### PROBLEM
Pictures in the entries below are excluded; copy only the lines from the one containing "Poland's tweet photo." to the one containing "The founder of", both included.

### AVAILABLE DATA
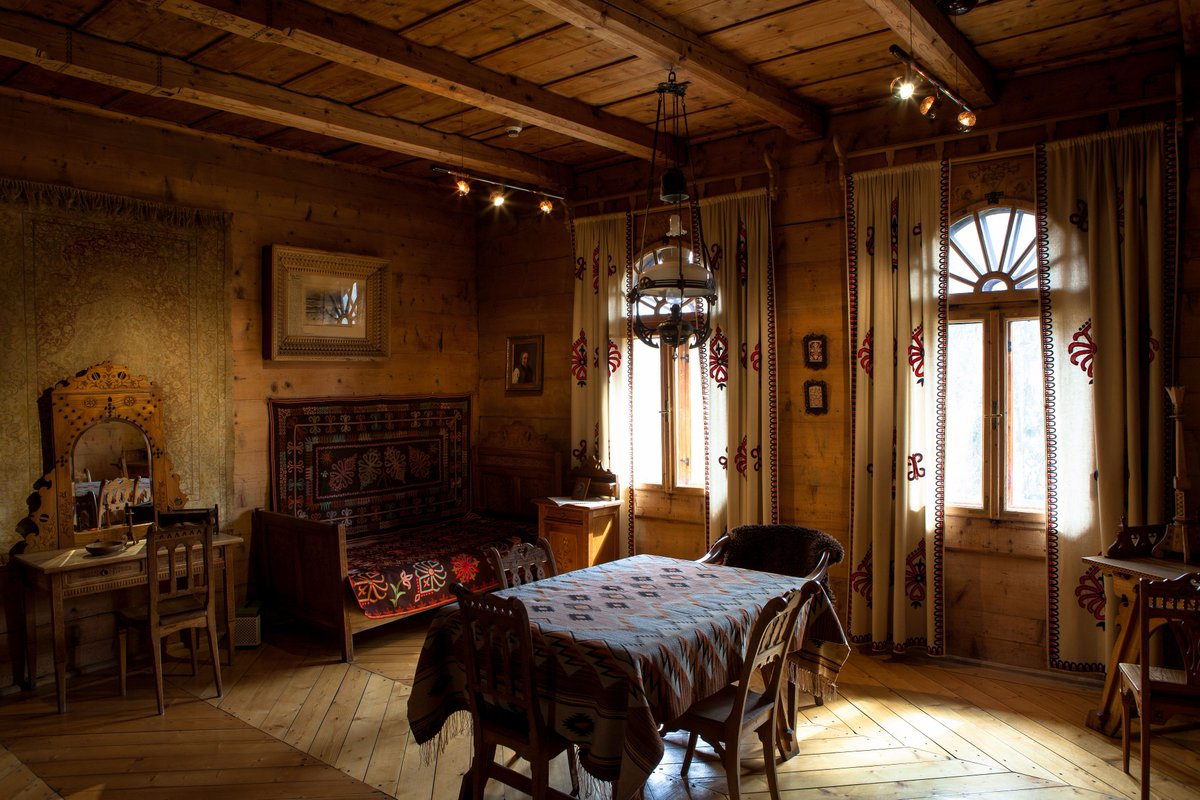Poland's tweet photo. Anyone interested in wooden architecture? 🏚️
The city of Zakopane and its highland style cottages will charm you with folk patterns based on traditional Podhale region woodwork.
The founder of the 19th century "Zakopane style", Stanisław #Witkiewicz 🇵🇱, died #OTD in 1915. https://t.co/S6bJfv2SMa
* * *
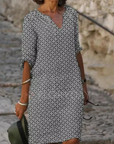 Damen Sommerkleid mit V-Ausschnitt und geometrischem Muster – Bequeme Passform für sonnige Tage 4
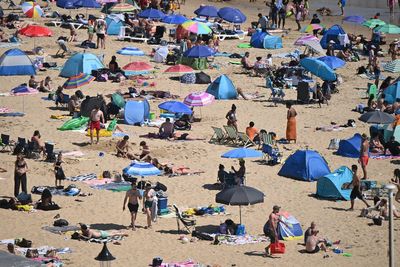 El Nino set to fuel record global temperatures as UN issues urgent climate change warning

### COMPLETED TASK
Poland's tweet photo. Anyone interested in wooden architecture? 🏚️
The city of Zakopane and its highland style cottages will charm you with folk patterns based on traditional Podhale region woodwork.
The founder of the 19th century "Zakopane style", Stanisław #Witkiewicz 🇵🇱, died #OTD in 1915. https://t.co/S6bJfv2SMa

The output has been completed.